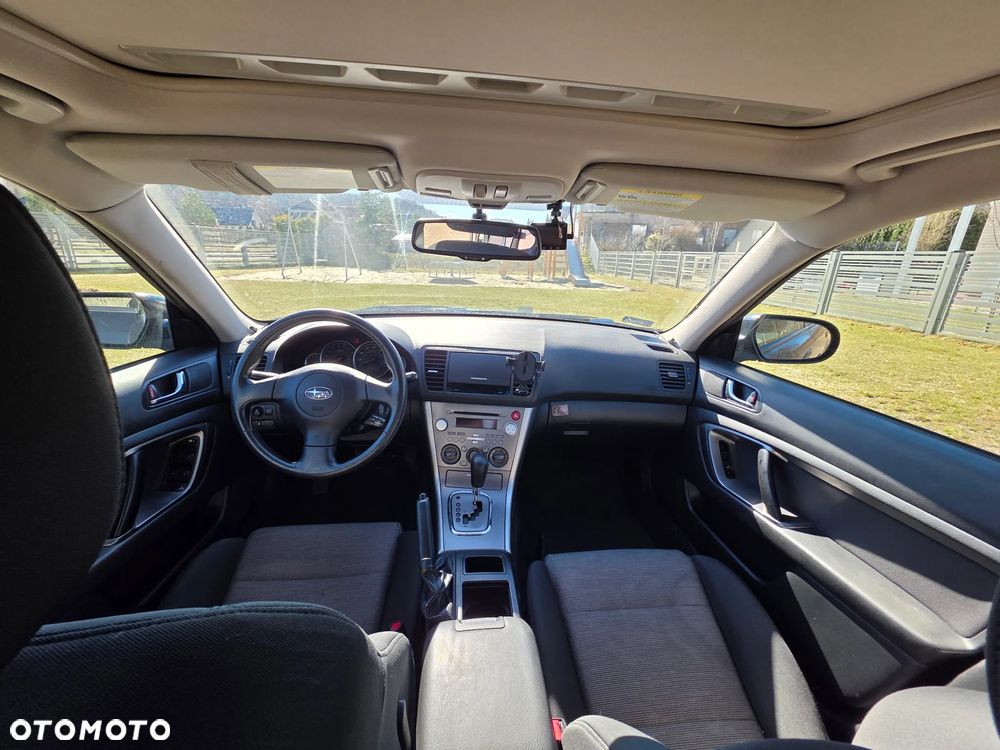 Subaru Legacy - 5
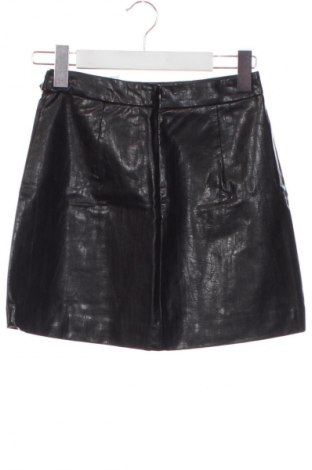 Sukně Bershka, Velikost XS, Barva Černá, Cena  381,00 Kč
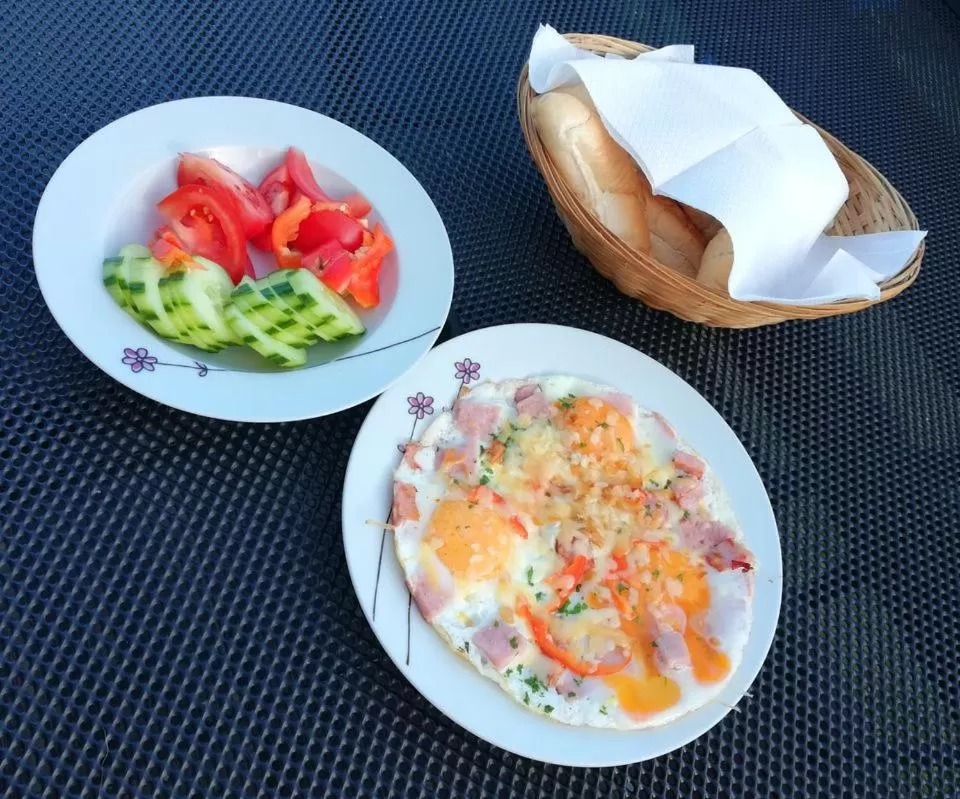 Restaurant/places to eat in Hotel Fran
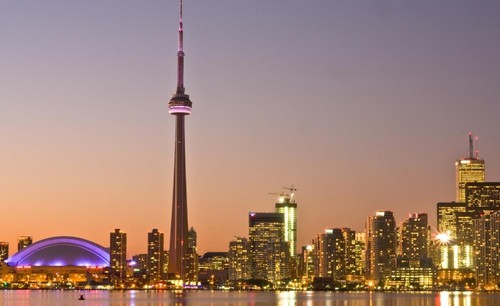 15 toronto ECONOMICO.jpg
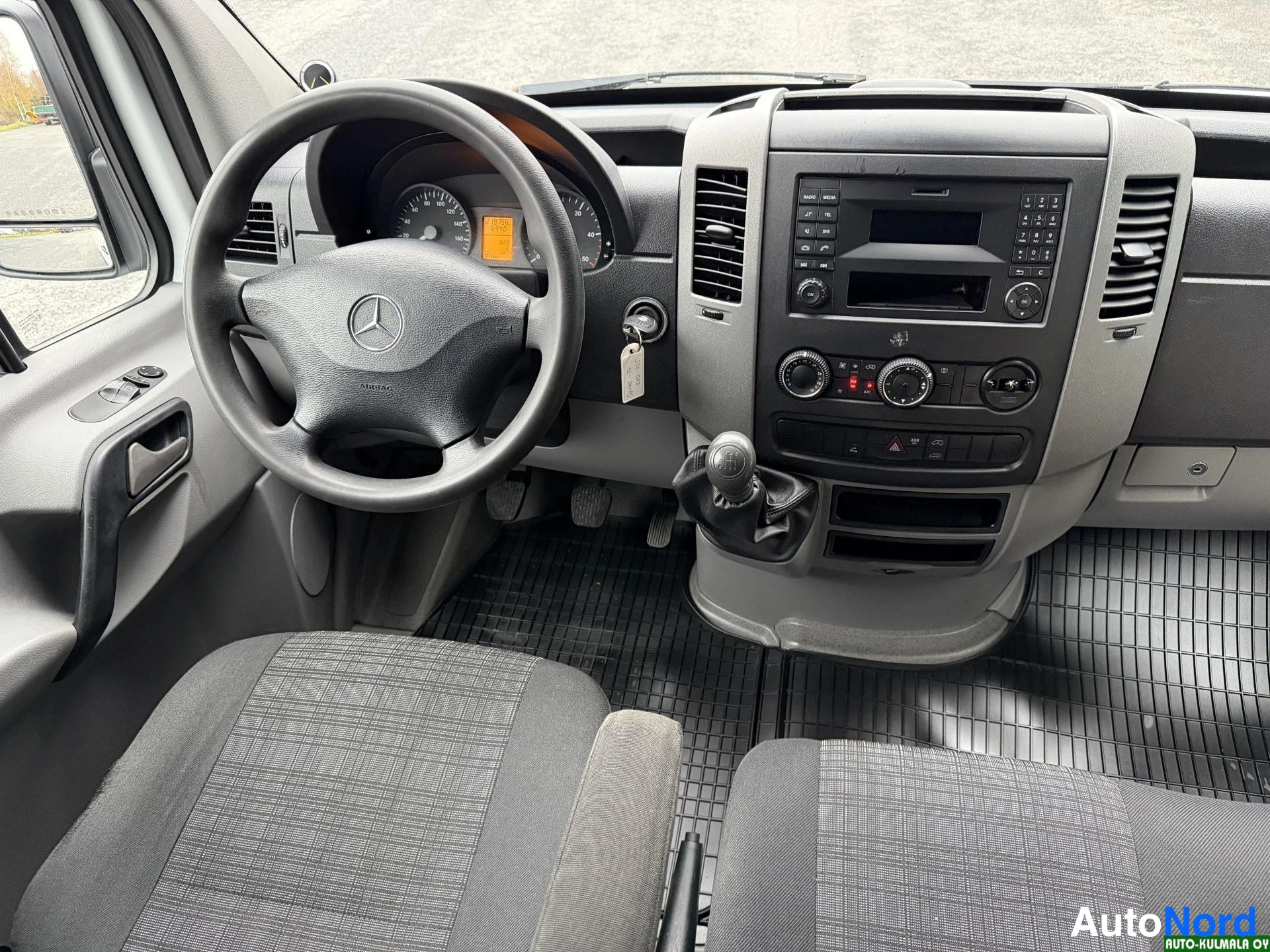 Valkoinen Mercedes-Benz Sprinter 314 CDI 2016, ohjaamo, kuva 14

════════

- **WORK ORDER**
The pictures are to be omitted, and the rest of the listing is to be transcribed exactly.

- **THE ANSWER**
 Subaru Legacy - 5
 Sukně Bershka, Velikost XS, Barva Černá, Cena  381,00 Kč
 Restaurant/places to eat in Hotel Fran
 15 toronto ECONOMICO.jpg
 Valkoinen Mercedes-Benz Sprinter 314 CDI 2016, ohjaamo, kuva 14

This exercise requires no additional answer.